Water-Related News

Ten Mile Canal one-year update: Much work done; much more to do, residents say

What do you get when you funnel record-breaking stormwater into a system designed for a once-upon-a-time rural area? A wet mess, as survivors of 2017’s Ten Mile Canal area flooding will tell you.

Starting last Aug. 25, record rains fell for five days, with some areas logging almost 30 inches. The resulting misery dominated news for the next two weeks, until Hurricane Irma stormed in to steal the show, compounding the woes of the already hard-hit area. Yet unprecedented as the initial disaster was, it’s a wonder it didn’t happen sooner, say residents who’ve spent the last year studying the event and trying to prevent its repeat, growing increasingly frustrated with Lee County in the process.
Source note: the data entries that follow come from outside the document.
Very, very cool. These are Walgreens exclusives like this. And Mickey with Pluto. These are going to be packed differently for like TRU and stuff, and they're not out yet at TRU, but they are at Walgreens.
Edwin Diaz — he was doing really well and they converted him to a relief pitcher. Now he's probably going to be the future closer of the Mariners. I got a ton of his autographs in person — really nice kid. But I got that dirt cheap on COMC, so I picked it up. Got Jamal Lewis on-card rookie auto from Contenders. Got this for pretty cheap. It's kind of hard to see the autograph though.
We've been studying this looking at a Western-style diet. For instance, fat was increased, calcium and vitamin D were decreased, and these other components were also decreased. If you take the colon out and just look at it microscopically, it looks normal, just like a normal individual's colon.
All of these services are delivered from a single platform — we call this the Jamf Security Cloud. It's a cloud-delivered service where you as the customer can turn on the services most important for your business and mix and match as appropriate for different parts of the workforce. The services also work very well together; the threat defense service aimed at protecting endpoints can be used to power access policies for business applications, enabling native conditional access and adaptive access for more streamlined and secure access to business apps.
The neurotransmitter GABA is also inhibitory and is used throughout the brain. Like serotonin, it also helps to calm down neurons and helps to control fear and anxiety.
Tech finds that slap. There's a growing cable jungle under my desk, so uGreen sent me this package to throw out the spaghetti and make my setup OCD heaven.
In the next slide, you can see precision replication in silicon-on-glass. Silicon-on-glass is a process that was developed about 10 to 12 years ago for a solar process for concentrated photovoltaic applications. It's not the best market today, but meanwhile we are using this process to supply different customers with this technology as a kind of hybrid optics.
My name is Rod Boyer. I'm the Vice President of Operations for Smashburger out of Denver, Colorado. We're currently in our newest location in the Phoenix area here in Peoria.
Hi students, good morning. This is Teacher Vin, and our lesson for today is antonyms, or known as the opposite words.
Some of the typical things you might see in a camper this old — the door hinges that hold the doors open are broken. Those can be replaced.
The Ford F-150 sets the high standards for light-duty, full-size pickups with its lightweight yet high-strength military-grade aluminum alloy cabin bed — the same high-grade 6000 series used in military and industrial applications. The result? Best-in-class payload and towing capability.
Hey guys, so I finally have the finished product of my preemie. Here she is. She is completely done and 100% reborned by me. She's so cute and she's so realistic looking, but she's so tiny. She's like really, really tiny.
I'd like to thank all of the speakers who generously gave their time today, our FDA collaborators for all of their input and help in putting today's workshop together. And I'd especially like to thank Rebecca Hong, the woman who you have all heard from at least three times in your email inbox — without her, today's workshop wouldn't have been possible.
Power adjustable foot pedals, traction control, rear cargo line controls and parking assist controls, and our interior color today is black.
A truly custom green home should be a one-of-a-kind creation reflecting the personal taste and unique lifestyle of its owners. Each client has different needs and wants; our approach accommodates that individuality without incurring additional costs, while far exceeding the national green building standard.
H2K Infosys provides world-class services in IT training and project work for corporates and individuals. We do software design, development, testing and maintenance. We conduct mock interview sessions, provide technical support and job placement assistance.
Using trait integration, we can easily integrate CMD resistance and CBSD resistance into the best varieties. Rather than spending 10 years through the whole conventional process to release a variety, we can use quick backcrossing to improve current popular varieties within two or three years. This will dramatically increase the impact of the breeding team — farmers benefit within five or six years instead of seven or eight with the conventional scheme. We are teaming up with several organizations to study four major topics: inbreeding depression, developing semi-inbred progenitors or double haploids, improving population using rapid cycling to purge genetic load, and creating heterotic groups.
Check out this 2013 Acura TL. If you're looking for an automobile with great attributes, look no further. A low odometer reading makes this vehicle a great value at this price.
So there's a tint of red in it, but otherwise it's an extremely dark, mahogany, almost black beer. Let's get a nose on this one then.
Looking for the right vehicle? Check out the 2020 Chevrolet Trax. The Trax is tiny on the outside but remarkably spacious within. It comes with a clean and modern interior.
Concerned history would repeat itself, Bob Clements joined the Ten Mile Canal Community Group, one of several citizen initiatives that have coalesced since the flooding. He has lived for 21 years in The Forest, one of the hardest-hit developments.

Members are carefully watching the work Lee County has done over the last year, including cleaning and regrading area canals, culverts and swales, improving access and installing level monitoring systems.

They’re also calling it out for not doing enough — focusing on addressing the flooding's effects; not its causes, says Ted Ehrlich, one of the community group's leaders.